Many gearheads buy their cylinder heads fully assembled and don’t have to sweat making sure all of the various parts are set up correctly. But for those that build their own, or that just need to swap to different springs, then it’s critical that they nail the proper installed spring height.
The installed height of a valvespring is the distance from the base of the spring to the bottom of the retainer when the valve is closed. If the distance is too short the spring will be under too much tension, and if the distance is too great the spring will want to “dance” around. Each camshaft you buy will include a cam card that lists a recommended installed height. Following that recommendation will make sure you don’t end up with a spring that is too weak (valve float) or too strong (too much spring pressure that can wipe your cam).
It’s really not rocket science, and you only need the most basics of tools to do the job right. An accurate measuring device like a small mechanic’s ruler or a set of calipers, a valvespring compression tool, and a few hand tools are all that’s required. You’ll also need a selection of shims so that you can adjust the height, if needed. It may seem unnecessary, but this is one of the many critical steps necessary to make sure your engine makes power and stays trouble-free.
01. Using a spring compressor, we removed the old springs, retainer, and locks. A small magnet made grabbing the locks easier. If your new springs didn’t come packaged with retainers you’ll need to make sure the retainers you’re using fit the new valvesprings. The fit can be snug, but if it’s too tight it can overstress the top of the spring, causing failure. If the fit is too loose, the spring can dance around and cause premature wear.
02. We then carefully removed the valve seals. They make special tools for this that help ensure the seals don’t get damaged, but if you’re careful you can use pliers. Before doing this you might want to check your retainer-to-seal clearance. To do this, measure the distance from the bottom of the valvespring retainer to the top of the valve seal. Then add 0.090 inch to the measurement. The number should still be larger than the maximum valve lift of your camshaft. If not, you’ll need to machine your valveguide to get the needed clearance. After all, you don’t want the retainer crashing into the seal when the valve is fully opened.
03. We then slid the seals off of the valve stems.
04. With the spring locator in place, we installed the retainer (with locks) and measured the distance from the bottom of the retainer to the top of the locator. We then checked this number against what was recommended on the cam card. An installed height of +/- 0.020 inches is acceptable.
05. Different style springs require different locators. More common are the type that index on the center of the springs but there are also “cup” types that index on the outer edge of the springs. Make sure you use the correct type for your springs.

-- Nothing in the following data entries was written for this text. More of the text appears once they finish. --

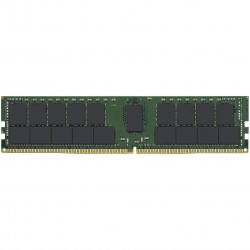 Kingston KSM32RD4/32SE 32GB 3200MT/s DDR4 ECC Reg CL22 DIMM 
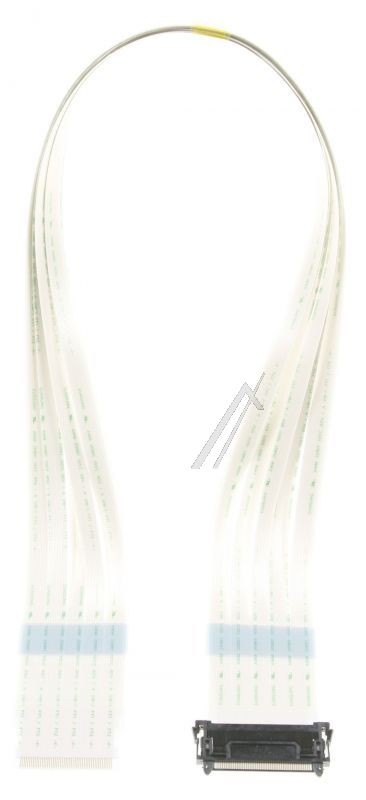 LG EAD63787805 Stecker - Flexibles flachkabel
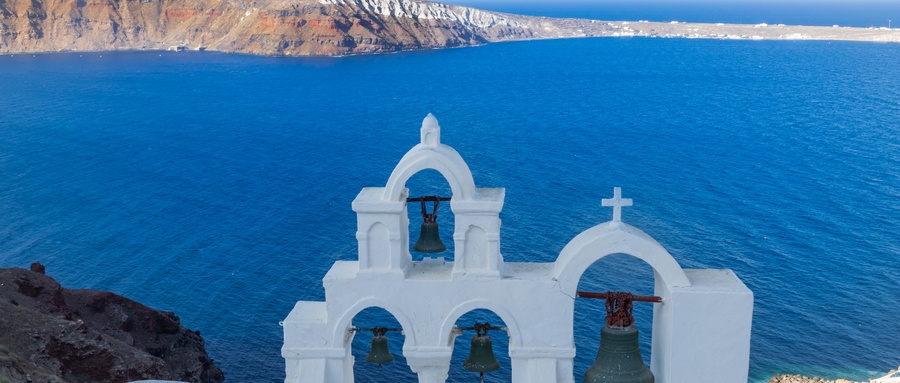 无学历无技术去国外打工怎么样,无学历适合移民吗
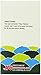 Hime Ban Cha Green Tea, 8-Ounce Boxes (Pack of 4)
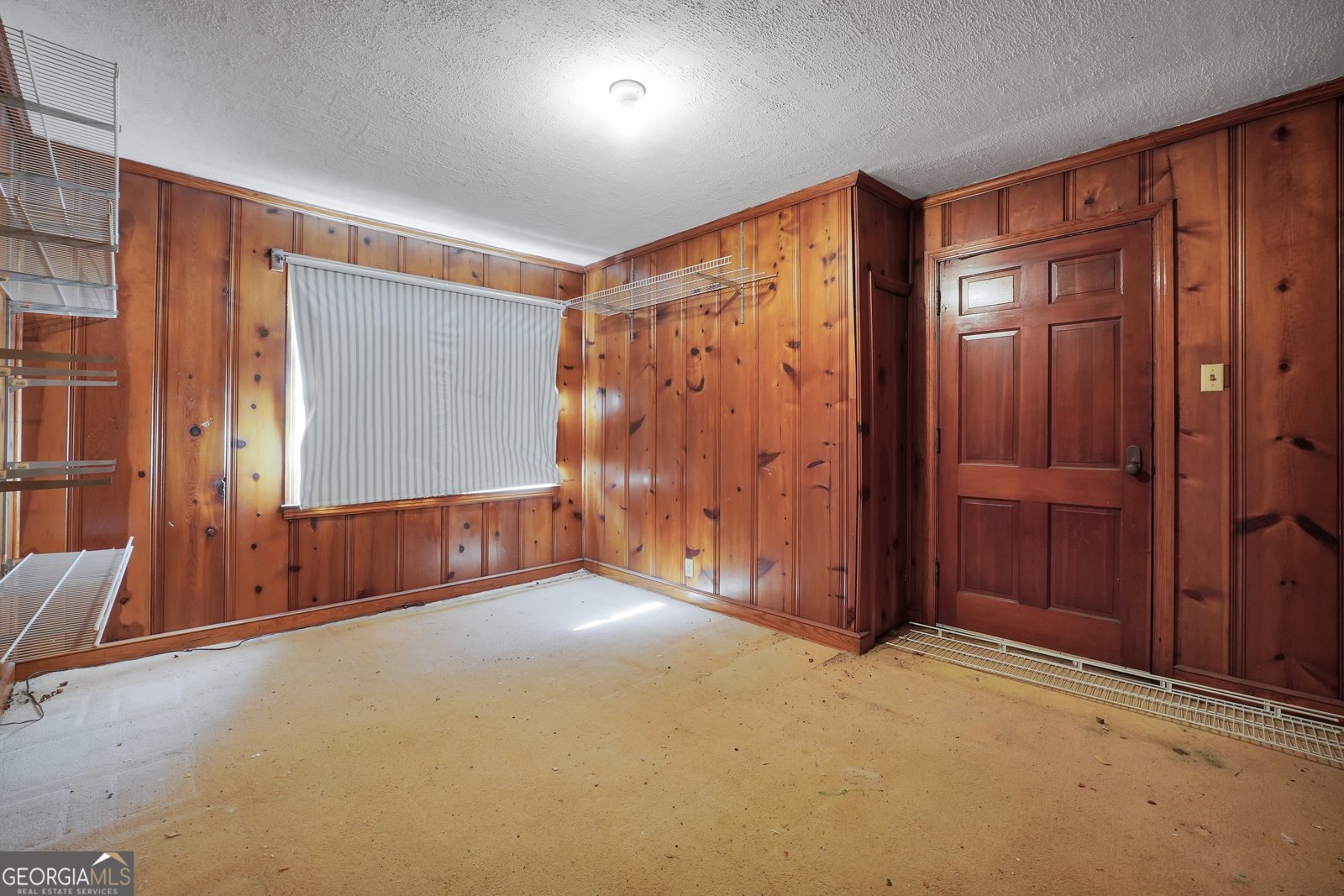 3560 Jonesboro Road Hampton - Photo 28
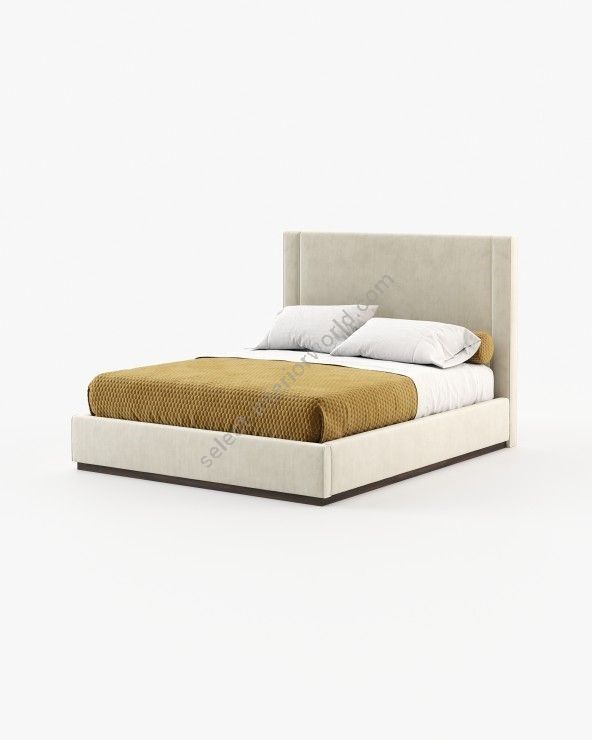 Laskasas / Beds / Corin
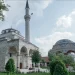 Servisne informacije, srijeda, 07. maj 2025. godine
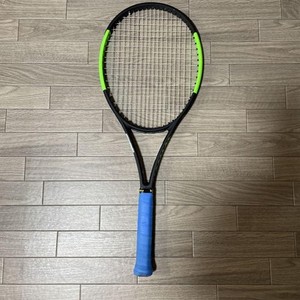 Wilson Blade 104 V6 | eBay Wilson Blade 104 V6 | eBay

06. If the installed height is outside of the allowed 0.020-inch variance, then action will need to be taken. If the distance is too little, machining of the valvespring seat will be necessary. If the distance is too great, then valvespring shims will need to be added. Shims come in various thicknesses and can be stacked if needed.
07. The shims were then stacked in the spring pocket.
08. The locator was then placed on top of the shims. At this point it’s usually a good idea to reinstall the retainer (with locks) and re-measure the distance before putting the valve seal back on.
09. The new distance came out good, so we went ahead and reinstalled the valve seals.
10. We could then install our new Comp valvesprings using our installation tool.
11. This process was repeated seven more times, and we were done with our cylinder head.